The problem: Wherever a picture appears, skip it and retype the rest of the data exactly.

(Entries supplied begins)

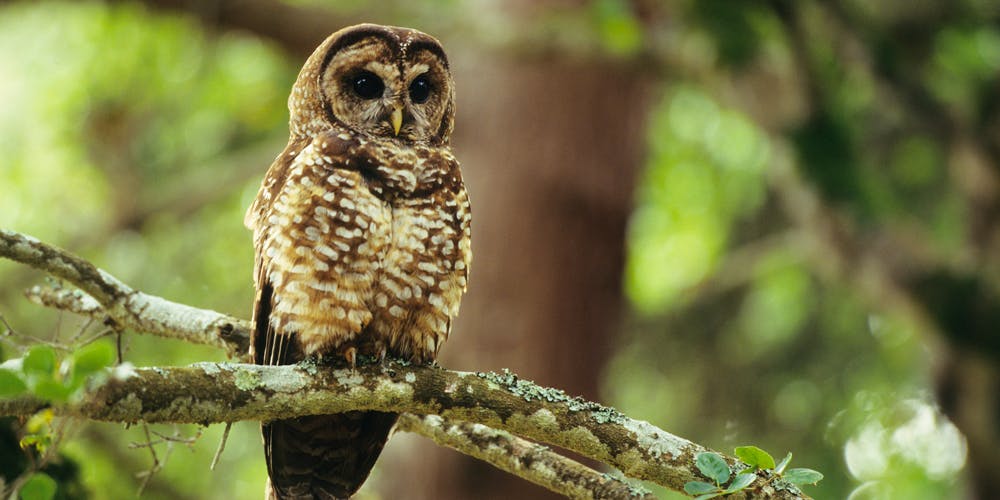 owls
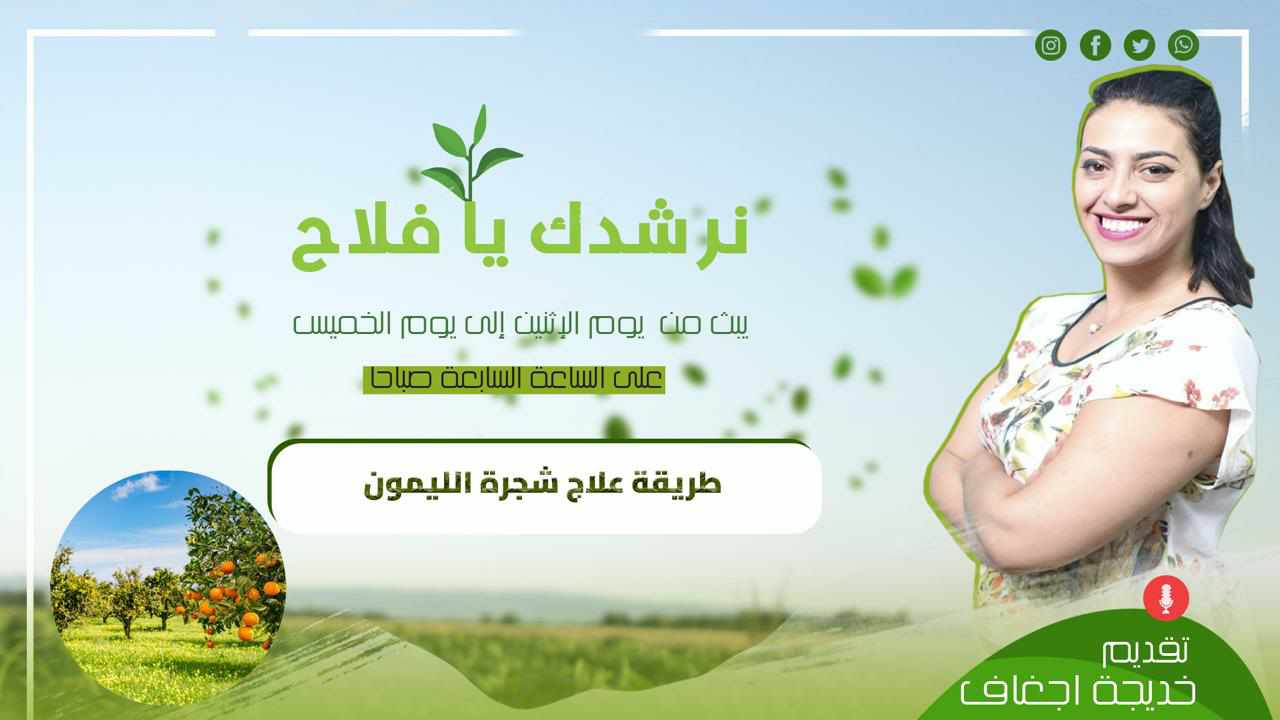 نرشدك يافلاح..طريقة علاج شجرة الليمون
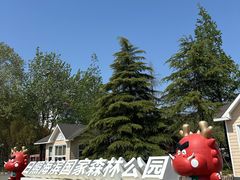 -日照海滨国家森林公园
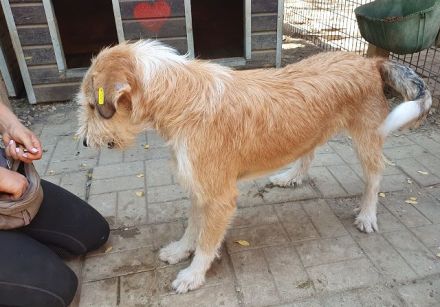 Chap, charmanter und menschenbezogener Hund sucht Menschen für das große Abendteuer Leben, 3 J, 57cm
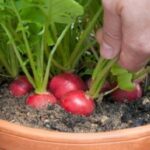 Easy Vegetables To Grow At Home 15 Easiest Vegetables To Grow In Pots For Beginners | Easy Picture 385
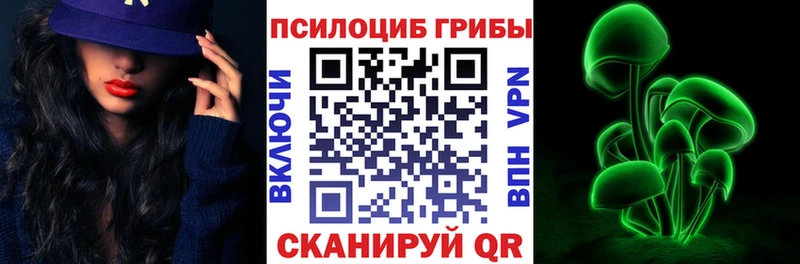 Псилоцибиновые грибы Psilocybe  где купить наркотик  Будённовск 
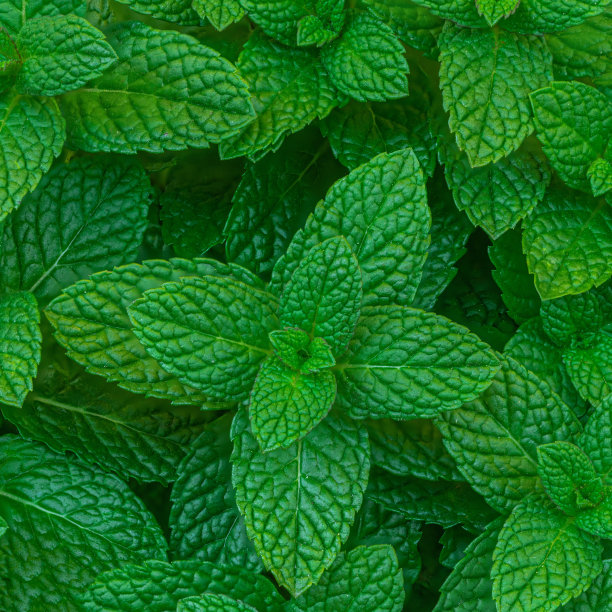 spearmint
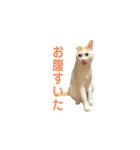 日常で使える実写猫◡̈⋆*（個別スタンプ：1）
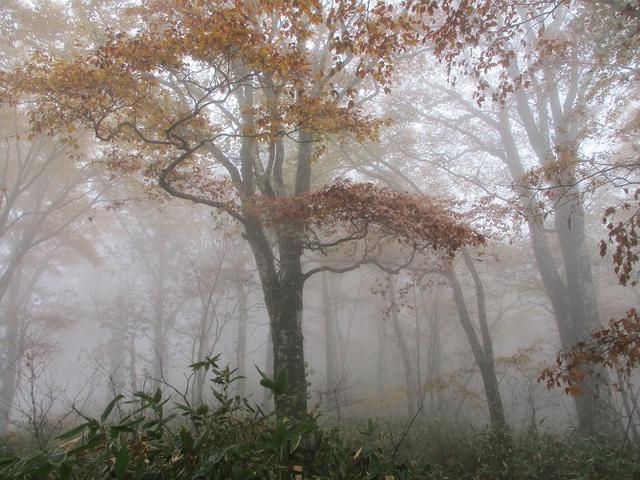 画像8: 10月24日に山旅会 「尼ヶ禿山」 ツアーに行ってきました!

(Entries supplied ends)

Solution to the problem:
 owls
 نرشدك يافلاح..طريقة علاج شجرة الليمون
 -日照海滨国家森林公园
 Chap, charmanter und menschenbezogener Hund sucht Menschen für das große Abendteuer Leben, 3 J, 57cm
 Easy Vegetables To Grow At Home 15 Easiest Vegetables To Grow In Pots For Beginners | Easy Picture 385
 Псилоцибиновые грибы Psilocybe  где купить наркотик  Будённовск 
 spearmint
 日常で使える実写猫◡̈⋆*（個別スタンプ：1）
 画像8: 10月24日に山旅会 「尼ヶ禿山」 ツアーに行ってきました!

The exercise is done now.